◆ Problem to work on
Leave out the pictures and repeat exactly the lines from the one containing "Pigment & Tattoo Laser Removal" through the end of the records.

◆ Data excerpts
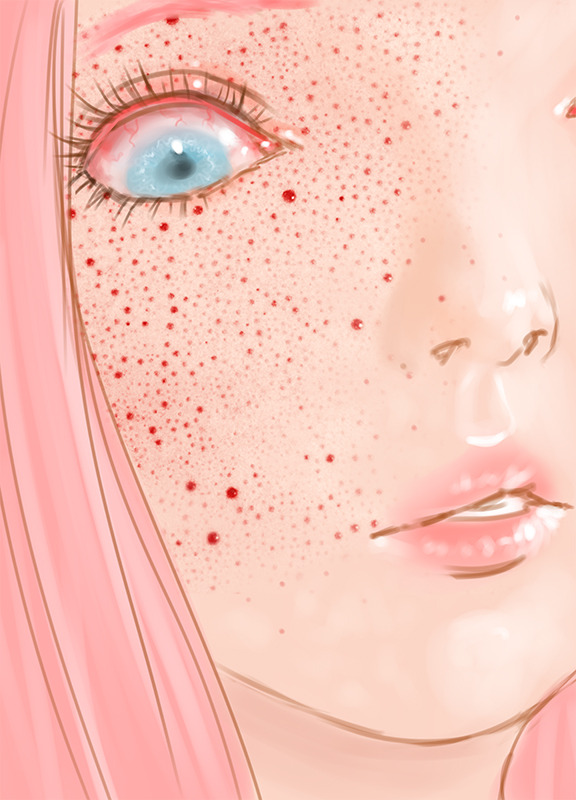 saccstry:  A while ago I edited a pic of my frosty to look like bloody skin pores.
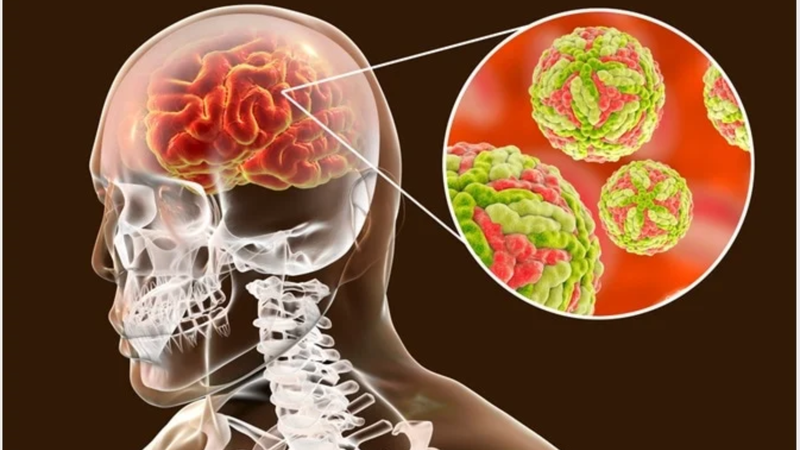 Mùa viêm não Nhật Bản thường từ tháng 5 đến tháng 10, nguy cơ cao nhất vào tháng 6 và 7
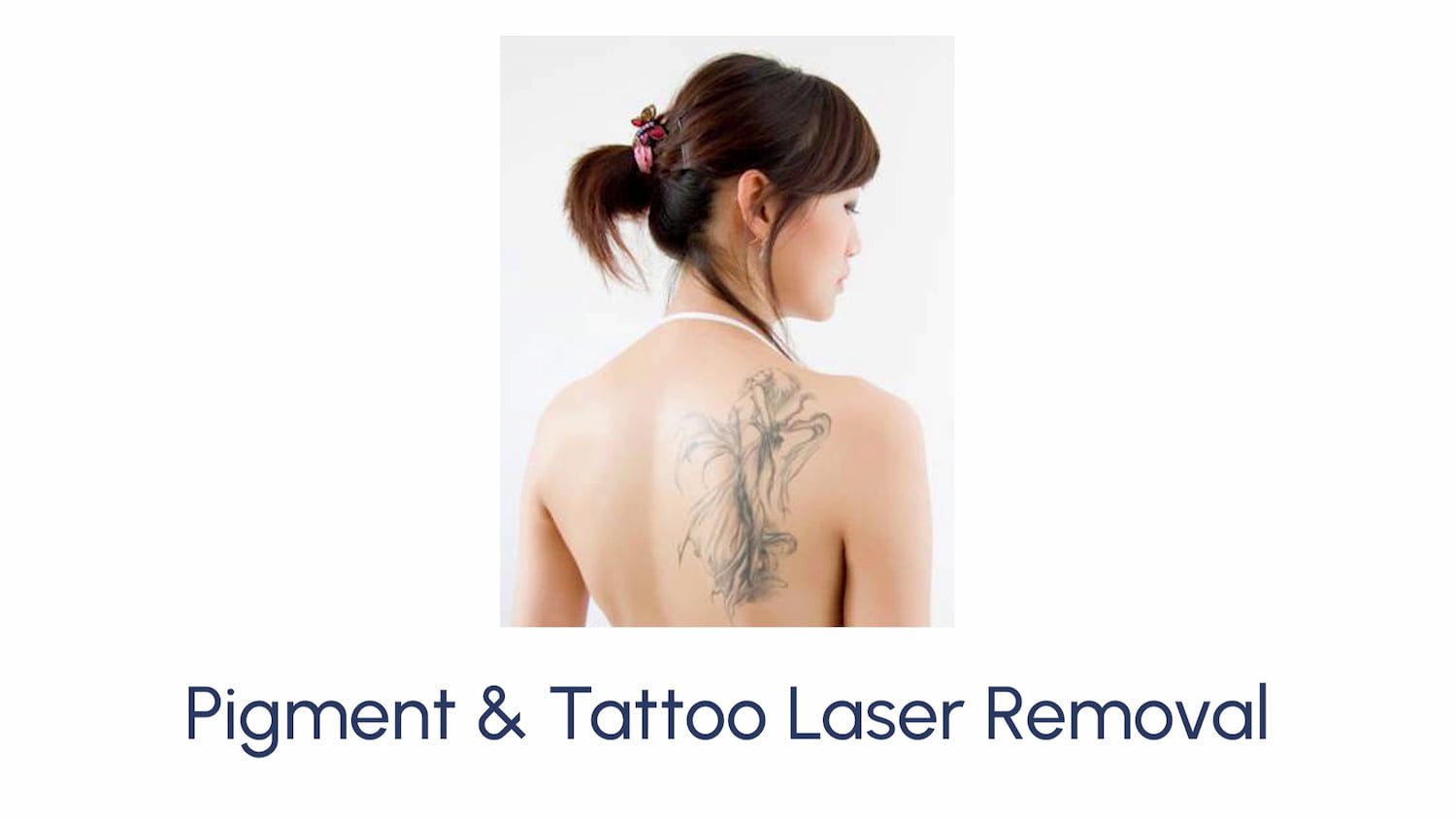 Pigment & Tattoo Laser Removal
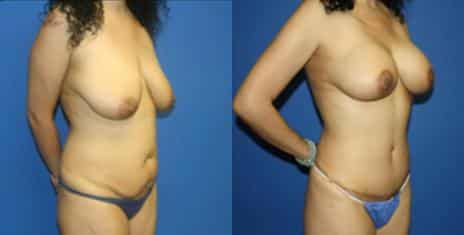 Tummy Tuck Before and After Photos in New York, NY, Patient 10540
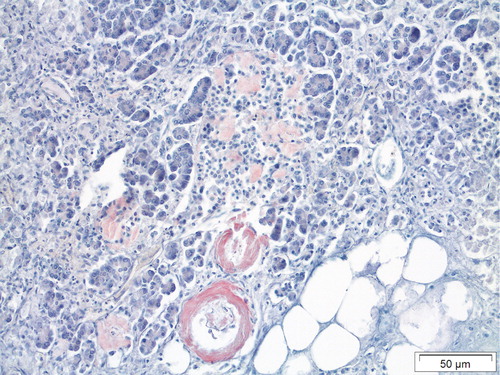 Figure 4. A modern pancreatic section from a patient with AA amyloidosis due to rheumatoid arthritis and with islet amyloidosis of IAPP nature. A similar colour difference as in Figure 3 is seen in the two amyloid forms. Congo red.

◆ Solution to this problem
 Pigment & Tattoo Laser Removal
 Tummy Tuck Before and After Photos in New York, NY, Patient 10540
 Figure 4. A modern pancreatic section from a patient with AA amyloidosis due to rheumatoid arthritis and with islet amyloidosis of IAPP nature. A similar colour difference as in Figure 3 is seen in the two amyloid forms. Congo red.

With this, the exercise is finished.